(Data listing begins)

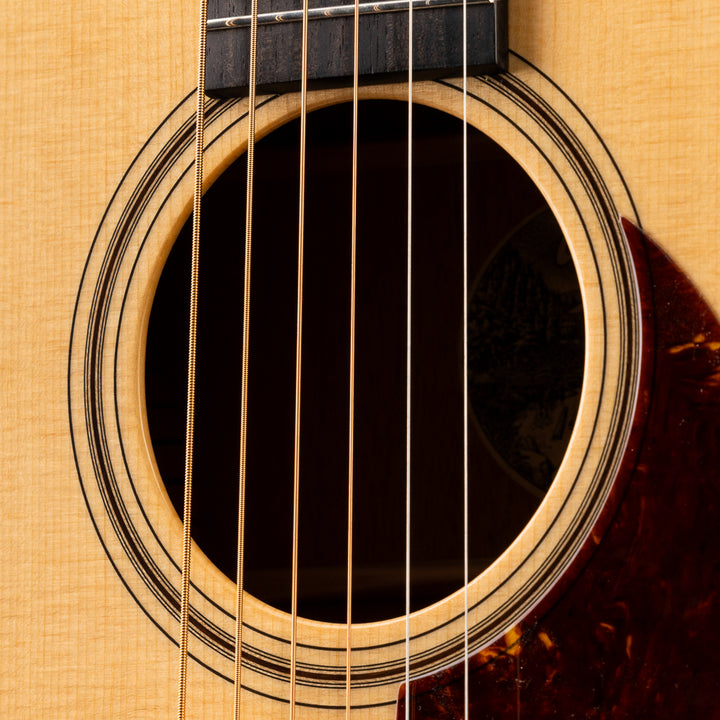 Collings 01 T - Natural (822)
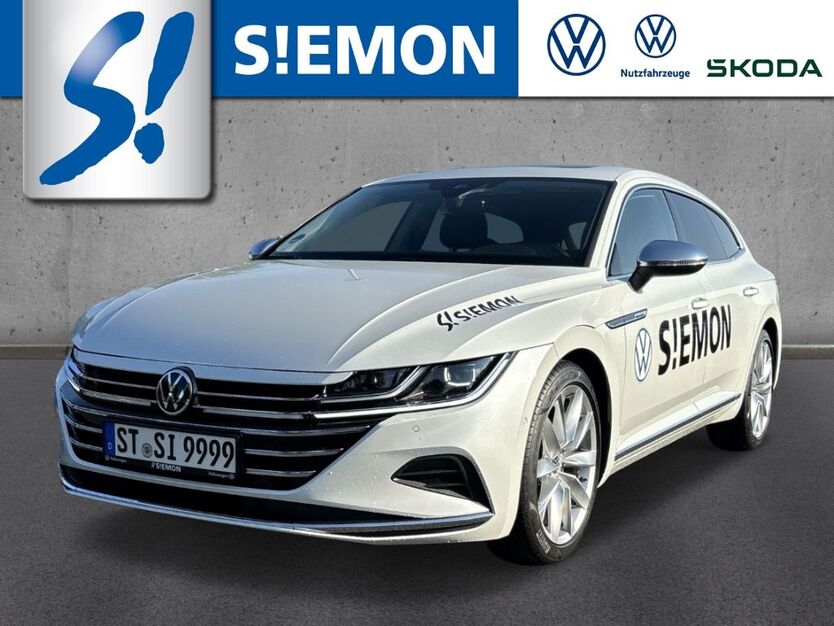 VW Arteon 94.462 km 33.930 € Ibbenbüren 49479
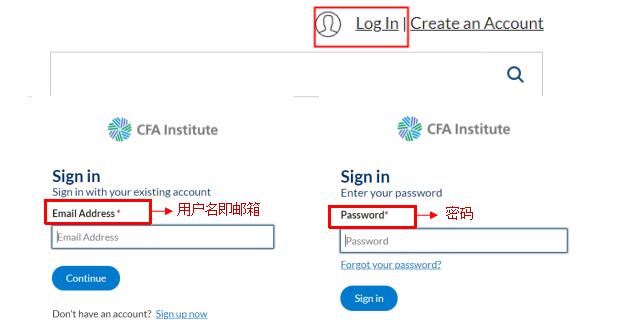 2024年8月CFA考试报名攻略（一）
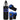 RDX J13 Junior 2ft Punch Bag and Gloves Set#color_blue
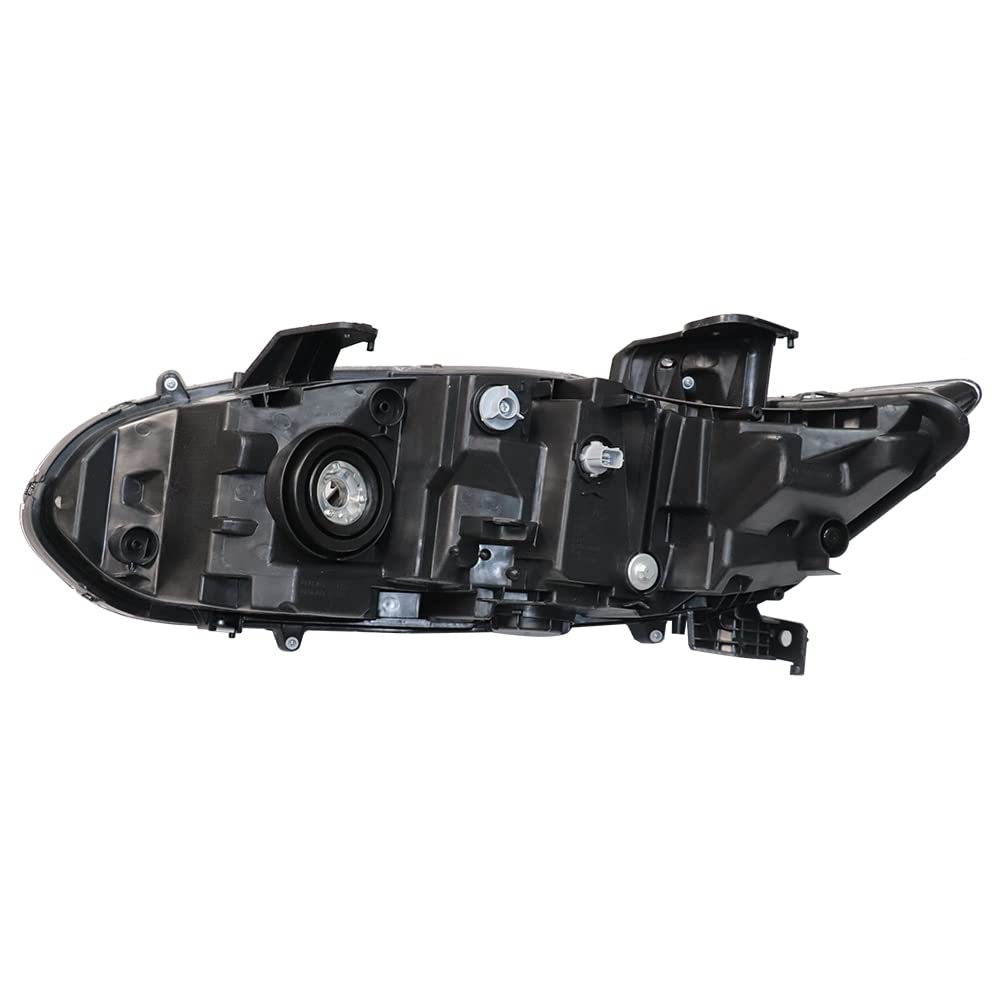 Faro Derecho Honda Accord 2017 Derecho | Envío Gratis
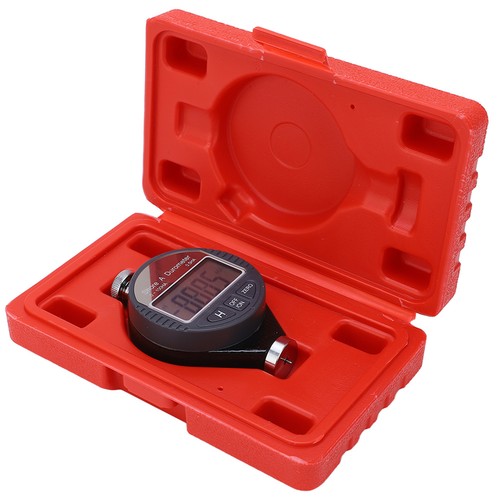 Digital 100hd durometer - 100hd, a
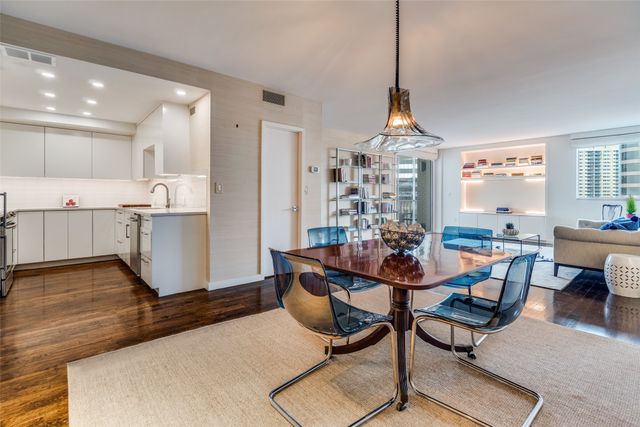 3701 Turtle Creek Boulevard 9A, Dallas, TX 75219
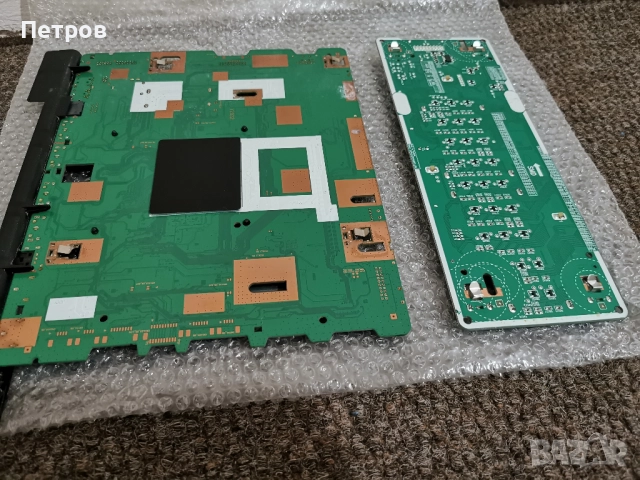  Tелевизор Samsung QE65Q80BAT For 65Inc MAIN BOARD BN94-17616X, снимка 6 - Части и Платки - 52723298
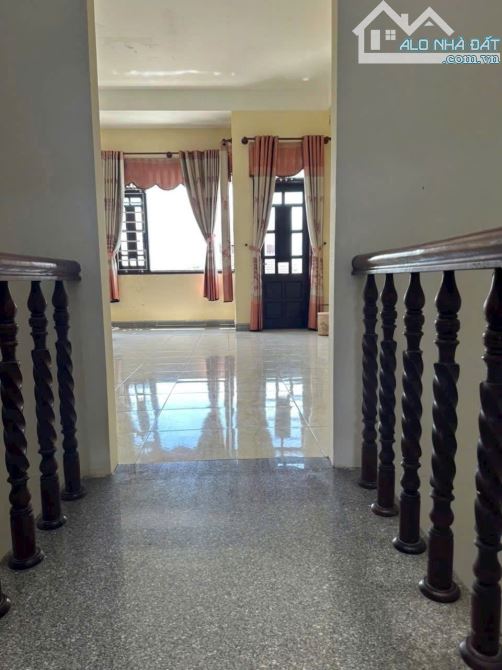 Bán nhà 3 tầng đường Đồng Trí, gần Tôn Đức Thắng & đại học Sư Phạm - 7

(Data listing ends)

### Work order:
Set down the records precisely as they appear. Any picture stays out.

### Result of the exercise:
 Collings 01 T - Natural (822)
 VW Arteon 94.462 km 33.930 € Ibbenbüren 49479
 2024年8月CFA考试报名攻略（一）
 RDX J13 Junior 2ft Punch Bag and Gloves Set#color_blue
 Faro Derecho Honda Accord 2017 Derecho | Envío Gratis
 Digital 100hd durometer - 100hd, a
 3701 Turtle Creek Boulevard 9A, Dallas, TX 75219
  Tелевизор Samsung QE65Q80BAT For 65Inc MAIN BOARD BN94-17616X, снимка 6 - Части и Платки - 52723298
 Bán nhà 3 tầng đường Đồng Trí, gần Tôn Đức Thắng & đại học Sư Phạm - 7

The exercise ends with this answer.